> [COLLECTED MATERIAL]
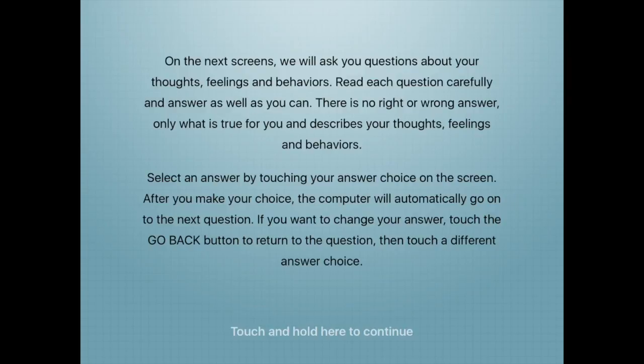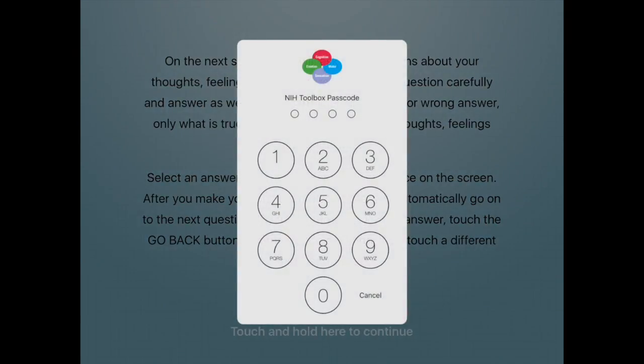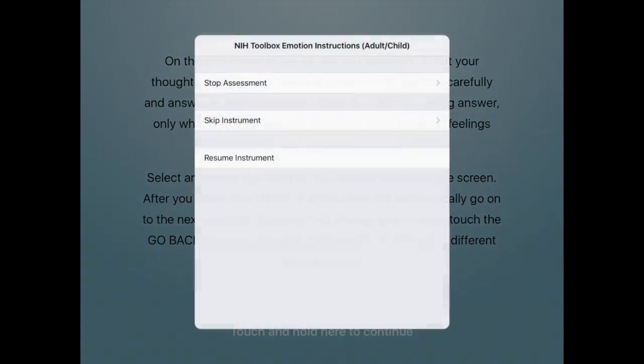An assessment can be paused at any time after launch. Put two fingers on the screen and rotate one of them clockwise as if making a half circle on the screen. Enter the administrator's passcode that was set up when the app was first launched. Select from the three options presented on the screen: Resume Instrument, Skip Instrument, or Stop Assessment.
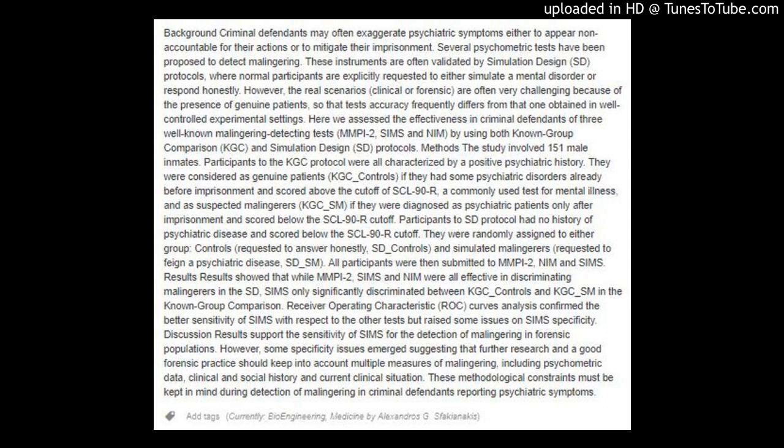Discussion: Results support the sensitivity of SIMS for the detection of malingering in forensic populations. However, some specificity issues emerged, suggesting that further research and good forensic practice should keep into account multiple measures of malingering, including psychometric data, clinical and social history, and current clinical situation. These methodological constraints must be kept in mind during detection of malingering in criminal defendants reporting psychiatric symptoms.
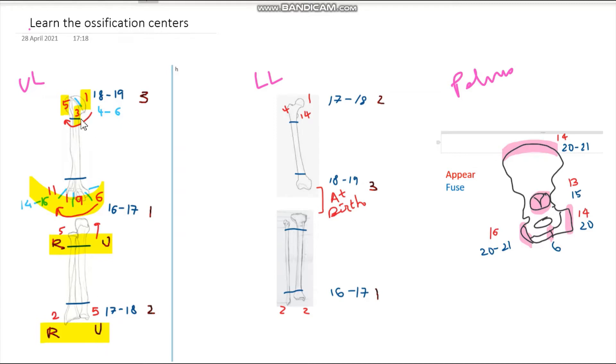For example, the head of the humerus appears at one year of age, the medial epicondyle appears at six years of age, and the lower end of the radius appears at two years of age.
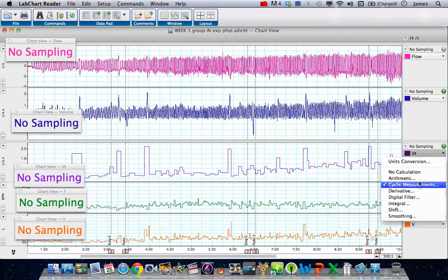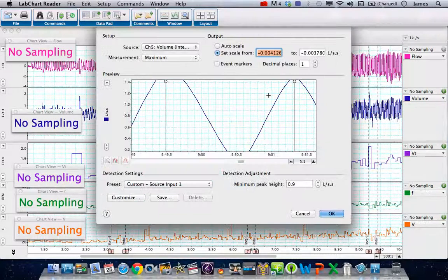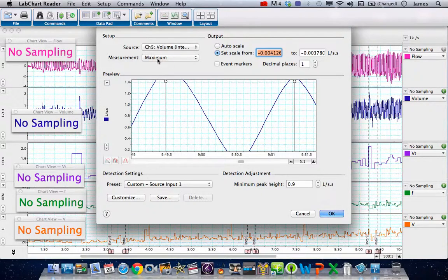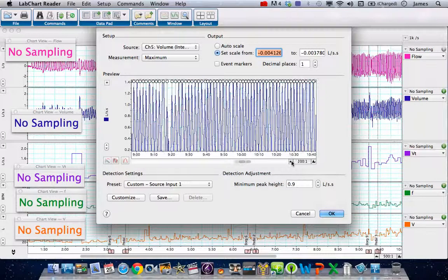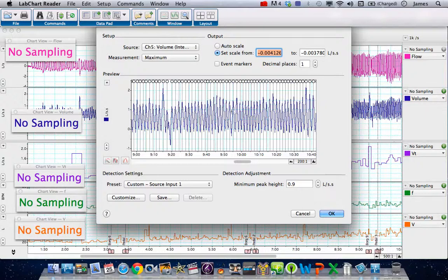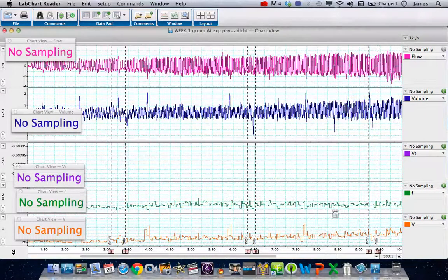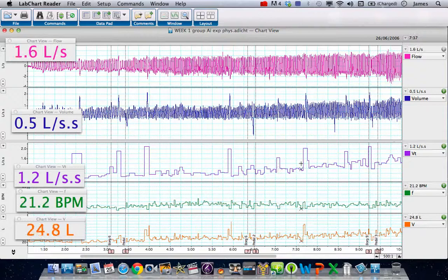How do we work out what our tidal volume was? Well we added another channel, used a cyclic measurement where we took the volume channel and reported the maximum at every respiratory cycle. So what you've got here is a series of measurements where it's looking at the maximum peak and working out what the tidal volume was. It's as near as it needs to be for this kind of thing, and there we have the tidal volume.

> [GOAL OF THE EXERCISE] The material above should be printed again exactly, with each picture left out.

> [FINAL ANSWER]
An assessment can be paused at any time after launch. Put two fingers on the screen and rotate one of them clockwise as if making a half circle on the screen. Enter the administrator's passcode that was set up when the app was first launched. Select from the three options presented on the screen: Resume Instrument, Skip Instrument, or Stop Assessment.
Discussion: Results support the sensitivity of SIMS for the detection of malingering in forensic populations. However, some specificity issues emerged, suggesting that further research and good forensic practice should keep into account multiple measures of malingering, including psychometric data, clinical and social history, and current clinical situation. These methodological constraints must be kept in mind during detection of malingering in criminal defendants reporting psychiatric symptoms.
For example, the head of the humerus appears at one year of age, the medial epicondyle appears at six years of age, and the lower end of the radius appears at two years of age.
How do we work out what our tidal volume was? Well we added another channel, used a cyclic measurement where we took the volume channel and reported the maximum at every respiratory cycle. So what you've got here is a series of measurements where it's looking at the maximum peak and working out what the tidal volume was. It's as near as it needs to be for this kind of thing, and there we have the tidal volume.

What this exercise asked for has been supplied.